DATA FOR THIS EXERCISE:
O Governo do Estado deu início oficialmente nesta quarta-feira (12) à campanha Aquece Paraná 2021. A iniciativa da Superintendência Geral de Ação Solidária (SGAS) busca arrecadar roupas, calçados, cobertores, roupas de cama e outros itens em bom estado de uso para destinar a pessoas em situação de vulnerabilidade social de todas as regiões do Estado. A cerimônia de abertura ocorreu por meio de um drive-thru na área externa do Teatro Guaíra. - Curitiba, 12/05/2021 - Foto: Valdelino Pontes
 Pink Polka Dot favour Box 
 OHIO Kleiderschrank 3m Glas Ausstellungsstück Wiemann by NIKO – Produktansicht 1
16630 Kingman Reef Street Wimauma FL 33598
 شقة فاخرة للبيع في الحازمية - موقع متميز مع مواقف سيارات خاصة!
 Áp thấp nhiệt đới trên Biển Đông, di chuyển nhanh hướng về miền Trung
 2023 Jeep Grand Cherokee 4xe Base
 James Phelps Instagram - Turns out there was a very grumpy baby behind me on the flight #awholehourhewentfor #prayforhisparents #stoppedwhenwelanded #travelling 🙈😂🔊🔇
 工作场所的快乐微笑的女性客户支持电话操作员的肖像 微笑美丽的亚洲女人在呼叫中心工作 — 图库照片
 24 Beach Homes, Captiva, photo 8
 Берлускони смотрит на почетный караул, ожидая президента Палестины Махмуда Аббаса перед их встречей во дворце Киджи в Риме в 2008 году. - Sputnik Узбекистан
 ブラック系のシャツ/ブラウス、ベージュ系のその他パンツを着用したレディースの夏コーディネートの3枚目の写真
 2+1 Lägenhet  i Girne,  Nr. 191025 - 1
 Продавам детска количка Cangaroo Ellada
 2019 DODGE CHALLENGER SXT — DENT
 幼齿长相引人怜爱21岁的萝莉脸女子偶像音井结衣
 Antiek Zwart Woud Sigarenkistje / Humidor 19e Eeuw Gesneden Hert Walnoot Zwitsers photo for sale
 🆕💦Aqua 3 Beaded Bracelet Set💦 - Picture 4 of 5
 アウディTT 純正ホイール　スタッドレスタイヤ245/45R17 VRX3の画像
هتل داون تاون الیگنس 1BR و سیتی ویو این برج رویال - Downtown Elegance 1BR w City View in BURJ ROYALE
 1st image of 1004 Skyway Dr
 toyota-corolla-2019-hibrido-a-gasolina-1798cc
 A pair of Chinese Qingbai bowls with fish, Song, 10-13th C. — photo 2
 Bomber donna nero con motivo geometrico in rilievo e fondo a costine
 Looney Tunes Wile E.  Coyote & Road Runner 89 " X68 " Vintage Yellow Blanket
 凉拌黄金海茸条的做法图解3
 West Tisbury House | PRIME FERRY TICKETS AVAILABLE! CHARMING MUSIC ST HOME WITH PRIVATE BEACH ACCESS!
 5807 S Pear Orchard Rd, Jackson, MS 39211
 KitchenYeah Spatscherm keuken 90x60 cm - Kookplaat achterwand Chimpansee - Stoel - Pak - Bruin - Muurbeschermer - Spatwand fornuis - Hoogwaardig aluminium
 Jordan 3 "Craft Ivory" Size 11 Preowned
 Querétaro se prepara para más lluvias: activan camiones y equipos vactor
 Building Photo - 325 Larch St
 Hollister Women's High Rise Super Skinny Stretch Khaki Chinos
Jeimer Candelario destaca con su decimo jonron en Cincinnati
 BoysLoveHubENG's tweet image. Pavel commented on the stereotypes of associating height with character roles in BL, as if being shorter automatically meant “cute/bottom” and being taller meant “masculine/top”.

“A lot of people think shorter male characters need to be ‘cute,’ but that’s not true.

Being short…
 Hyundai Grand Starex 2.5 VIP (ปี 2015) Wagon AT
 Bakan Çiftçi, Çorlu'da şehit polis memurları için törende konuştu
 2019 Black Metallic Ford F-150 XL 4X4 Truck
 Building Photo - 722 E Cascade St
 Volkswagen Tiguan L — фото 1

EXERCISE: Write out exactly the lines above from the line with "凉拌黄金海茸条的做法图解3" through the line with "Building Photo - 325 Larch St", both of them included, and leave out all other lines.

RESULT BELOW:
 凉拌黄金海茸条的做法图解3
 West Tisbury House | PRIME FERRY TICKETS AVAILABLE! CHARMING MUSIC ST HOME WITH PRIVATE BEACH ACCESS!
 5807 S Pear Orchard Rd, Jackson, MS 39211
 KitchenYeah Spatscherm keuken 90x60 cm - Kookplaat achterwand Chimpansee - Stoel - Pak - Bruin - Muurbeschermer - Spatwand fornuis - Hoogwaardig aluminium
 Jordan 3 "Craft Ivory" Size 11 Preowned
 Querétaro se prepara para más lluvias: activan camiones y equipos vactor
 Building Photo - 325 Larch St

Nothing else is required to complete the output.